Well, the product name could be the foreign key. Or it could not be. If you
have 2 different products with the same name (or 1 person with 2 different
names) then you have some complexity. Doesn't matter what kind of database
you're using.

------
tzs
I was playing around with the idea of redoing our customer database at work.
Our customer database contains for each customer their email address, name,
when their service expires, how many licenses they have, and things like that.
Essentially a bunch of named scalar values.

It also contains their transaction history--essentially an event log. Some of
the transactions have auxiliary information such as specific line items on an
order.

A person subscribing to our service can use it on multiple computers (up to a
number determined by exactly what they purchased). So there is a list of the
computers they are using it on, with some information about that use.

The state of a customer could be represented nicely by a nested data
structure, like a Perl hash or a JSON document, and so some kind of document
oriented storage seems like it could work well. Most changes to a customer's
data consist of adding new transactions, and occasionally updating the
expiration date.

We have a customer service interface that our support people use to view and
change a customer's data. Getting all the data by fetching a single JSON
document would be much simpler than the multiple queries that are now done to
grab the data from the MySQL database it is in, spread across many normalized
tables.

In general, with one notable exception, almost everything that deals with a
customer is dealing with one customer at a time. For instance, a support
person is dealing with the customer they have on the phone. The order
processor is dealing the customer's account for the order that it is currently
processing.

It's not even clear we need a database at all for this. Why not just a file
per account, with the file containing a serialized Perl hash or JSON document
or something similar, with a simple classic Unix file locking mechanism used
to prevent corruption? This is easy to scale, for both reads and writes.

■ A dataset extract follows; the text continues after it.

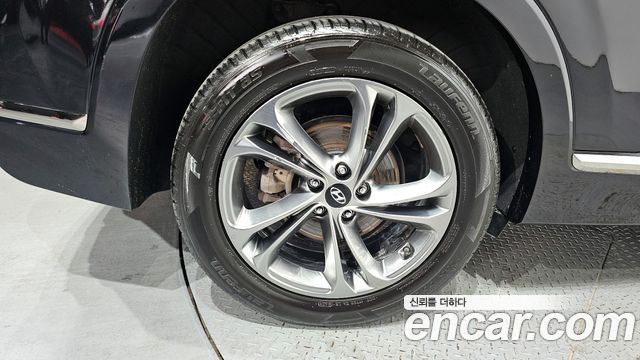 Hyundai Santa Fe 2018 thumb 6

That brings me to the notable exception to "dealing with one customer at a
time". Reports. Reports like to do things involving selecting data from a
large number of customers, related by various factors such as having purchased
particular SKUs in a particular time frame, or having their credit cards
charged through a particular gateway, or things like that.

Reports seems to be something that fits in a lot better with the traditional
relational approach.

If the set of reports needed was known up front, I think one could design a
system that uses a document approach for storing customer data, but also
maintains a relational reports database to hold data specifically for reports.
We tend to have a changing set of reports--we do a lot of poking around and
playing with data to try to find ways to improve our system and I'm often
looking at things I had no idea a week before I'd ever need to look at for a
report.

------
VladRussian
the basic point of the article is that author likes documents better than
normalized record sets. There are at least 2 sets of concepts involved -
documents vs. records and denormalization vs. normalization. The author
preference for document format has no bearing on the necessity and
effectiveness of normalization if record approach is chosen.